_DATA SEGMENT_
# # # # # # #
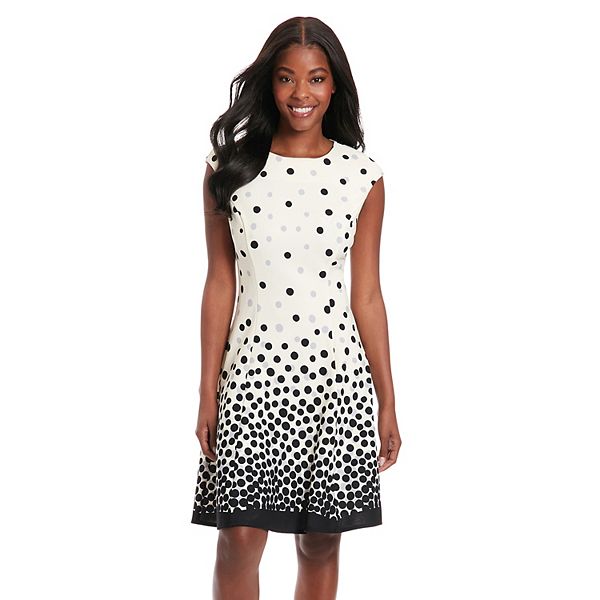 London Times Women's Printed Fit & Flare Dress Black Size 14 Petite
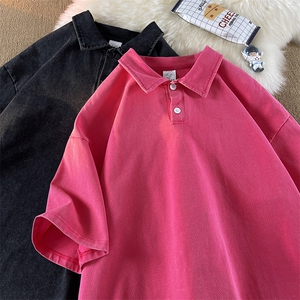 polo衫男夏季短袖t恤衣服高街潮牌潮流美式复古半袖XP77091-P45图片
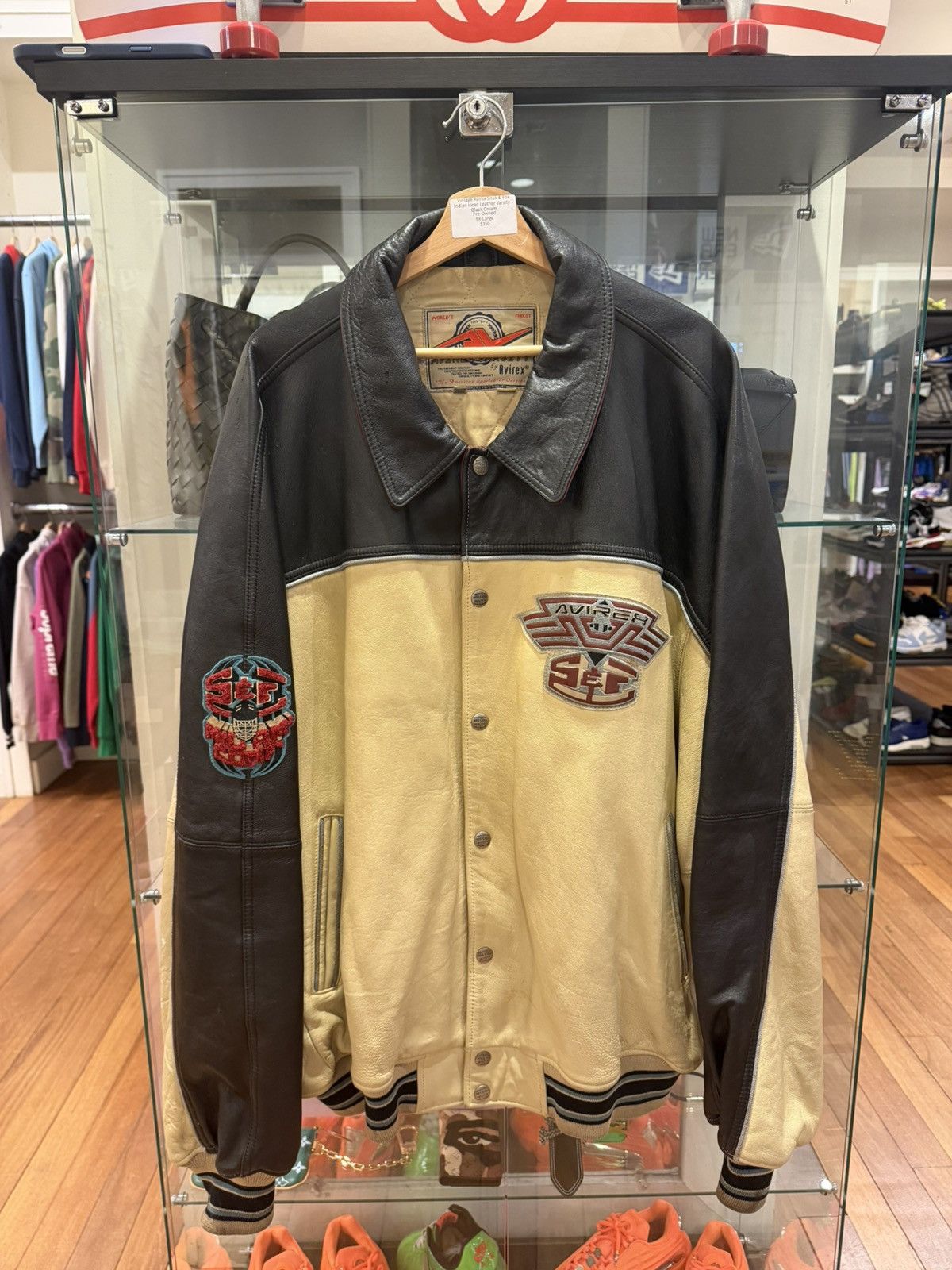 Avirex Vintage Avirex Snuk & Fox Indian Head Leather Varsity (5XL) Size US XXL / EU 58 / 5 - 1 Thumbnail
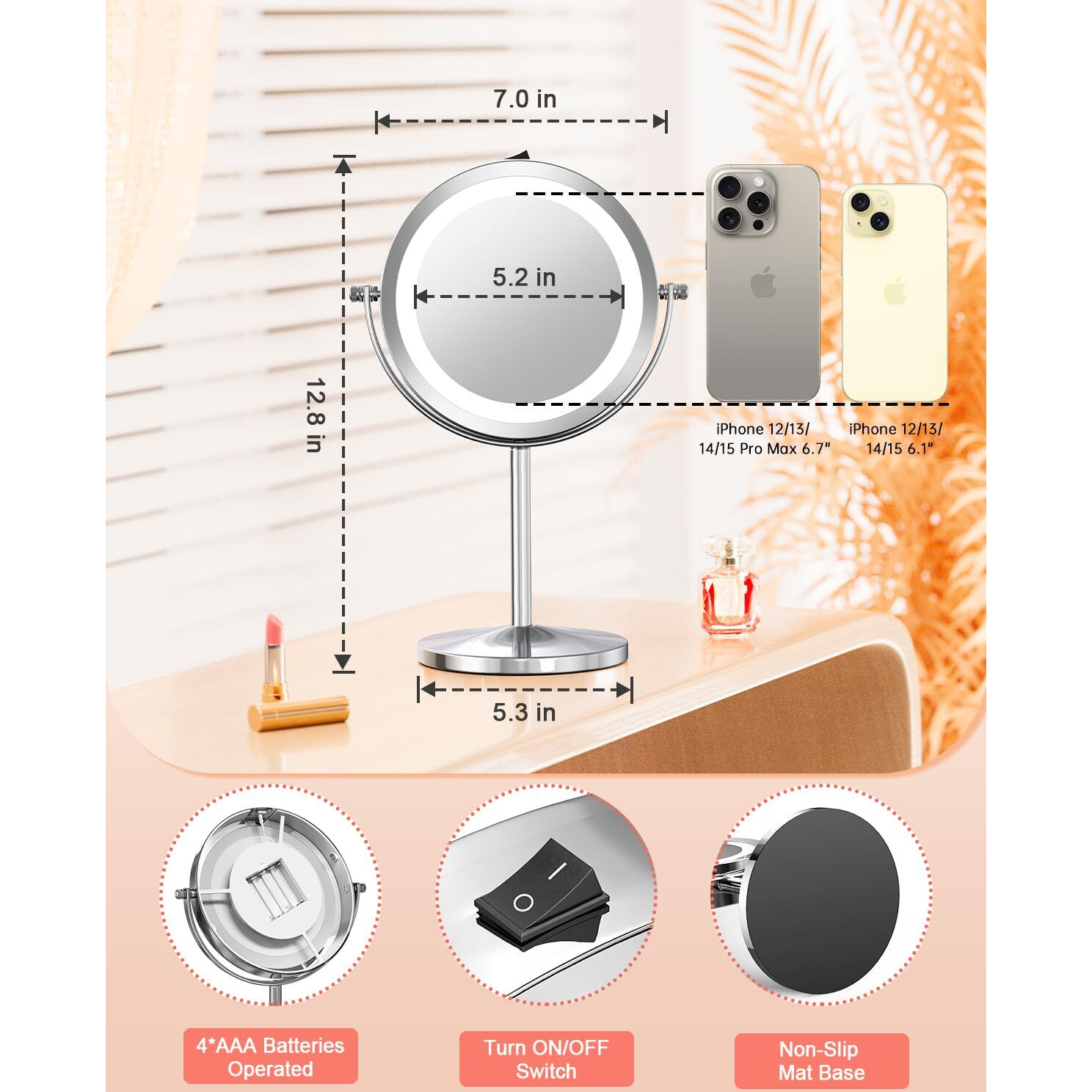 Benbilry Lighted Makeup Mirror With Magnification, 1X/10X Magnifying Makeup Mirror, Led Vanity Mirror With Lights, Battery Operated, 7 Inch Swivel Portable Cordless Desk Mirror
# # # # # # #
_PROBLEM REQUIREMENTS_
The required output is the line containing "Avirex Vintage Avirex" plus every line after it to the end of the data, copied exactly and with no pictures.

_RESPONSE BOX_
 Avirex Vintage Avirex Snuk & Fox Indian Head Leather Varsity (5XL) Size US XXL / EU 58 / 5 - 1 Thumbnail
 Benbilry Lighted Makeup Mirror With Magnification, 1X/10X Magnifying Makeup Mirror, Led Vanity Mirror With Lights, Battery Operated, 7 Inch Swivel Portable Cordless Desk Mirror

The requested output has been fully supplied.